===== Given records
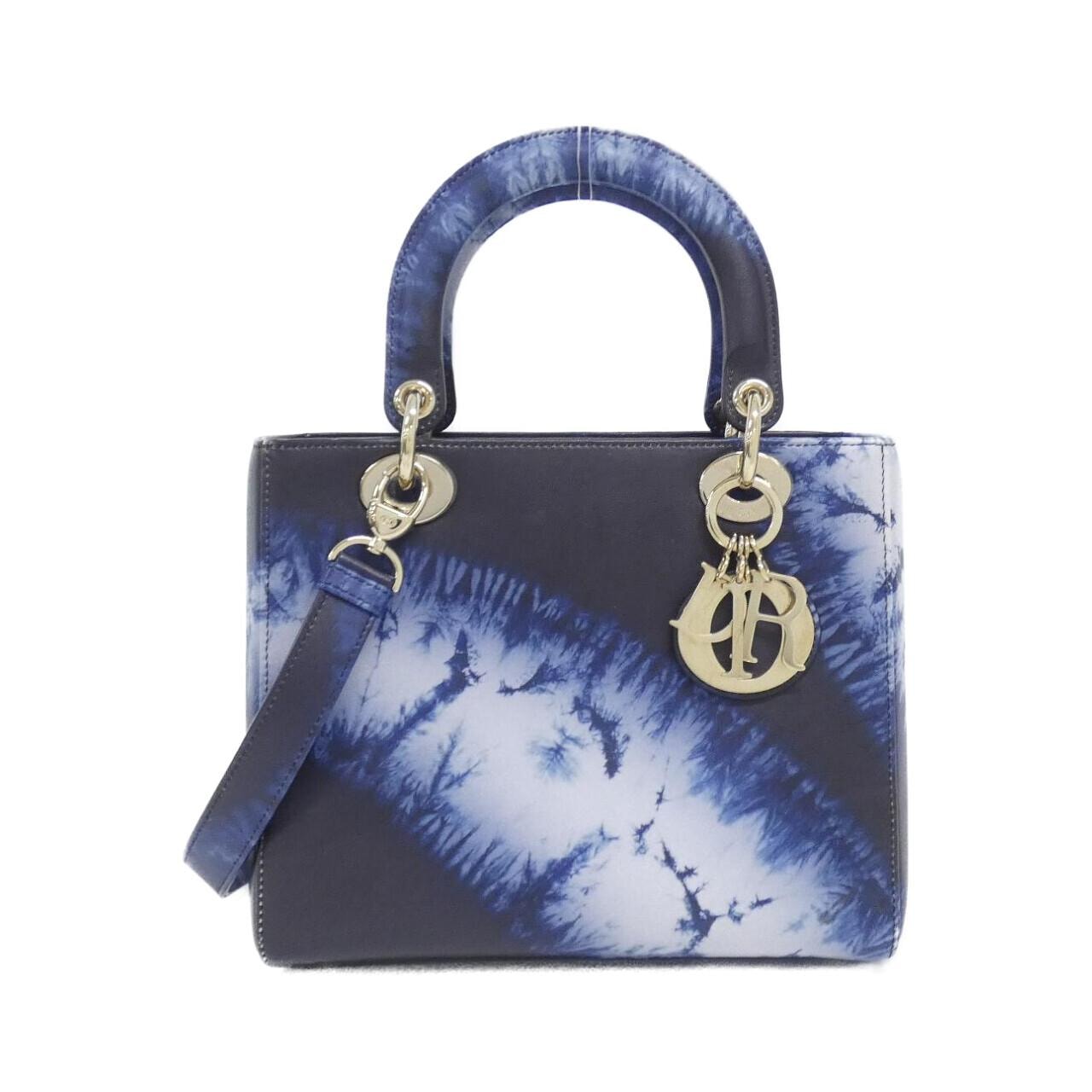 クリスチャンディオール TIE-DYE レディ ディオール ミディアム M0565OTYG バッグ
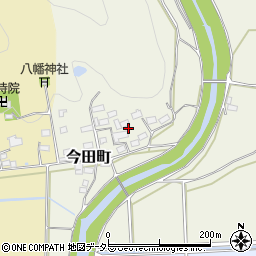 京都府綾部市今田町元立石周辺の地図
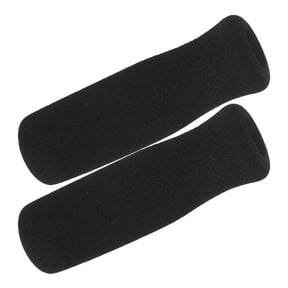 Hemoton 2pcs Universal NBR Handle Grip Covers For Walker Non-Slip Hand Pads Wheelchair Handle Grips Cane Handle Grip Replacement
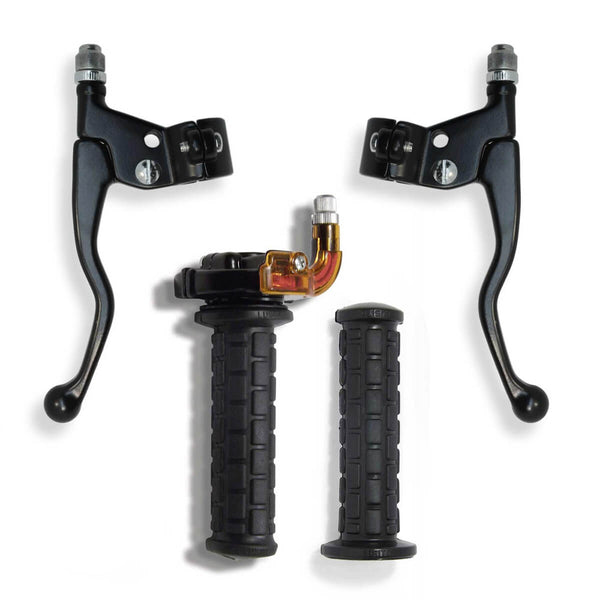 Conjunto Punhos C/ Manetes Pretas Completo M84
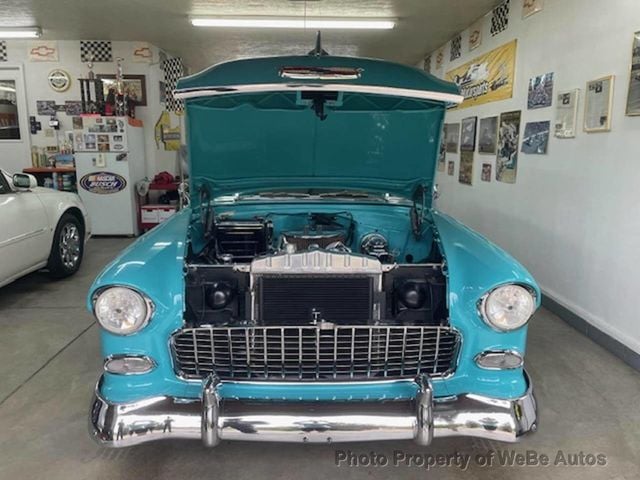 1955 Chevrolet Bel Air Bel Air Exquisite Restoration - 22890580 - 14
==========
## Required work
Would it be possible to print the records above verbatim, pictures omitted?

## Answer for the task
 クリスチャンディオール TIE-DYE レディ ディオール ミディアム M0565OTYG バッグ
 京都府綾部市今田町元立石周辺の地図
 Hemoton 2pcs Universal NBR Handle Grip Covers For Walker Non-Slip Hand Pads Wheelchair Handle Grips Cane Handle Grip Replacement
 Conjunto Punhos C/ Manetes Pretas Completo M84
 1955 Chevrolet Bel Air Bel Air Exquisite Restoration - 22890580 - 14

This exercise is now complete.